Pity poor Lisa. She wakes in what looks to be a high-tech air duct, but with no idea where she is, how she got there or why. Only the gadget encircling her wrist — part flashlight, part timepiece — gives her an indication: It’s not good.
Sure enough, Lisa (Gaia Weiss, The Legend of Hercules) is part of a truly twisted game, forced to crawl through a maze of pipes of varying circumference — none comfortable for her or the Meander viewer. That goes double when the pipes start retracting in size as she scurries through.
You could say if a saving grace exists for her, it’s that the pipes aren’t loaded with surprise traps!
But you’d be wrong, because the pipes are loaded with surprise traps: fire, water, acid, wire and — take a breath; you’ll need it — much, much more.
Little dialogue notwithstanding, how can a film consisting almost entirely of a woman maneuvering her way through dark, tight passageways be compelling? Doesn’t matter, because Hostile writer and director Mathieu Turi succeeds with just that — perhaps too well, as Meander quickly grows so increasingly claustrophobic, I had to look away a few times just in case my daily dose of Lisinopril weren’t strong enough to keep my blood pressure at a manageable level.

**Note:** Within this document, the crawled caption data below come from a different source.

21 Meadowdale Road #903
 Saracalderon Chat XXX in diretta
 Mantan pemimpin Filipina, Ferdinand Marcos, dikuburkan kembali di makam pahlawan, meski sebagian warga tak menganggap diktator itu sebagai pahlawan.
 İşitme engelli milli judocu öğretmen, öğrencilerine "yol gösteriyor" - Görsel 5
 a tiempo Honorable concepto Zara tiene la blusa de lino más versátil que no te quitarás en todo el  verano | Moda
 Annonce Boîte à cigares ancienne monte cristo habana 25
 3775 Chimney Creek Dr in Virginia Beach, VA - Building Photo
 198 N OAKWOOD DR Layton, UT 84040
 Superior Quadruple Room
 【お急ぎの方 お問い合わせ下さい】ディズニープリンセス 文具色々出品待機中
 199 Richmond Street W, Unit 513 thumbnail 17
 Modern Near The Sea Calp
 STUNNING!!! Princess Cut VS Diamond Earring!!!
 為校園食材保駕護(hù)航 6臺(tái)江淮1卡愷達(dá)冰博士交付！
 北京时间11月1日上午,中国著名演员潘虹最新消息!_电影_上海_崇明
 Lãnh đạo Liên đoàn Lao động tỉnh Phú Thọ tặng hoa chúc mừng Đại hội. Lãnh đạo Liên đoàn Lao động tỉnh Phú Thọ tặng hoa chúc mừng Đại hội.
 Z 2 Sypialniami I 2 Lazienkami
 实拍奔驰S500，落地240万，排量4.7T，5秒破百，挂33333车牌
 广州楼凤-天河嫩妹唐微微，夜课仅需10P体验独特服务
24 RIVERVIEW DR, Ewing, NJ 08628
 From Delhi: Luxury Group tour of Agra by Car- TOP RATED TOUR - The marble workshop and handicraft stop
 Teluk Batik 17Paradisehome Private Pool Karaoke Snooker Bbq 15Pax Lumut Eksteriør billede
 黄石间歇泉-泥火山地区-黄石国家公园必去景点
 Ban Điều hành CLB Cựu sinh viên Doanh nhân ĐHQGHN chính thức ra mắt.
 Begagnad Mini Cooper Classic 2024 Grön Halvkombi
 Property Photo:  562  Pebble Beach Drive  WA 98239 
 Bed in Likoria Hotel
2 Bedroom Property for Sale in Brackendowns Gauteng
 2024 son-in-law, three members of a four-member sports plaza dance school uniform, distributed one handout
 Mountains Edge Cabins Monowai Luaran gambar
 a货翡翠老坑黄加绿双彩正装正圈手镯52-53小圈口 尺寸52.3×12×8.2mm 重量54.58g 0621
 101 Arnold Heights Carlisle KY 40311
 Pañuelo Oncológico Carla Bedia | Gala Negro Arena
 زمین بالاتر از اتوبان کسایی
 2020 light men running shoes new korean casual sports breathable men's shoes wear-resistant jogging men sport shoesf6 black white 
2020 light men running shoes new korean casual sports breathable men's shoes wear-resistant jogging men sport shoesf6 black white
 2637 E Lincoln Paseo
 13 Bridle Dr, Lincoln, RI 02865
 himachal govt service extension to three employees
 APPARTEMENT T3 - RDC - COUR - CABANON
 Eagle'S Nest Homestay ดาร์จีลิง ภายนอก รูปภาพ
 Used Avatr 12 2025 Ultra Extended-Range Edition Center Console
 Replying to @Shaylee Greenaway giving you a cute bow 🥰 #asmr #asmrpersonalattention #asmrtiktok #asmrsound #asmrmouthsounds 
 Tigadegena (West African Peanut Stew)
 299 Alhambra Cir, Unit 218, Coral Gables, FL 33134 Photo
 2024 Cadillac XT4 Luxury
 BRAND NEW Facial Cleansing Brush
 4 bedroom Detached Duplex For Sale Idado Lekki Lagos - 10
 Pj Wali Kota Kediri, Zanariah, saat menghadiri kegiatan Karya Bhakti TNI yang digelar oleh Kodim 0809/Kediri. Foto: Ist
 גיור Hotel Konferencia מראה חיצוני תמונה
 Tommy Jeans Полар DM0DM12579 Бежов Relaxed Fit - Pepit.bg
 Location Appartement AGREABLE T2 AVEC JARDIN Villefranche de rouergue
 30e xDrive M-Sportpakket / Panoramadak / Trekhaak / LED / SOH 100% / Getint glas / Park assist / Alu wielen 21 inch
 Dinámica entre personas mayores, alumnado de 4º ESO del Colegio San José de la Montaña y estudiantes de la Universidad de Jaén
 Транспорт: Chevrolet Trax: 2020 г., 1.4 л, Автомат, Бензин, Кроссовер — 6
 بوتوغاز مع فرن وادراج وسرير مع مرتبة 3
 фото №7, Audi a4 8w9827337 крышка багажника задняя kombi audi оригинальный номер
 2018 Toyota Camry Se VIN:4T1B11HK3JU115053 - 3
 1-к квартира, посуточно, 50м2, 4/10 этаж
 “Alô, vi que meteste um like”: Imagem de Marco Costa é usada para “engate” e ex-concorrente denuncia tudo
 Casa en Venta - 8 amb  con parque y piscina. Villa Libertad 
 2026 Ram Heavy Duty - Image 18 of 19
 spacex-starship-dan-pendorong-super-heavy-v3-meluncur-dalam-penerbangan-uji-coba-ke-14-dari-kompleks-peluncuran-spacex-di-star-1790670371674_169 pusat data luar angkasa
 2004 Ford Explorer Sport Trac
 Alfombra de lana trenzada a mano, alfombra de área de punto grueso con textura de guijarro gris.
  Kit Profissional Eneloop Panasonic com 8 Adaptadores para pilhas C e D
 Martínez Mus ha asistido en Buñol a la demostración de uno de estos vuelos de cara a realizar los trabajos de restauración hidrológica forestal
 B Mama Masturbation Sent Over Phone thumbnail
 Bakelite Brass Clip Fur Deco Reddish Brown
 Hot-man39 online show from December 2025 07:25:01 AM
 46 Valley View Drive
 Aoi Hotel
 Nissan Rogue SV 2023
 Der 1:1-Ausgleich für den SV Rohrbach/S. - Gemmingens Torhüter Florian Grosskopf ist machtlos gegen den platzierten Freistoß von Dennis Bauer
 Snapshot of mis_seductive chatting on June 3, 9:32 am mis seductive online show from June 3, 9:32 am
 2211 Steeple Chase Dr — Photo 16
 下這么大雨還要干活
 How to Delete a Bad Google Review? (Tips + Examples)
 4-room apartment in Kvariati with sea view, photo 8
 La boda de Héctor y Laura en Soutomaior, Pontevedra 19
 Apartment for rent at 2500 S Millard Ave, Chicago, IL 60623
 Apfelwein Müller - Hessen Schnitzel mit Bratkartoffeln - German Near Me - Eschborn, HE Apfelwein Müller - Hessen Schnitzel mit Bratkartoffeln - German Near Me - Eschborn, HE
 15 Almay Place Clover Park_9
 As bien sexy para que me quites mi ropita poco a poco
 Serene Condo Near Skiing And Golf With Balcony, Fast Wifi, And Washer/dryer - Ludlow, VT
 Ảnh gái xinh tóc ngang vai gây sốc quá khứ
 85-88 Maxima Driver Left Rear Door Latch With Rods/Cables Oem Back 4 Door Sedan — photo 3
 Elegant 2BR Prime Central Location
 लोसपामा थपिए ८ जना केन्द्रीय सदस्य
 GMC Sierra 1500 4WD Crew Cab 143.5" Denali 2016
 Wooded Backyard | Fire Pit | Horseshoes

I had no such reaction to watching Ryan Reynolds or Stephen Dorff trapped in their respective wooden coffin and car trunk for the whole of their also-respective Buried and Brake. But there’s something about Meander that elicits raw panic; going out on a limb, I’m guessing it’s the potential to get stuck. The inability to turn around. The absence of knowledge of what lie ahead. The praying it’s not a sharp curve. Hell, the poster alone sends me into a loop-de-loop of anxiety.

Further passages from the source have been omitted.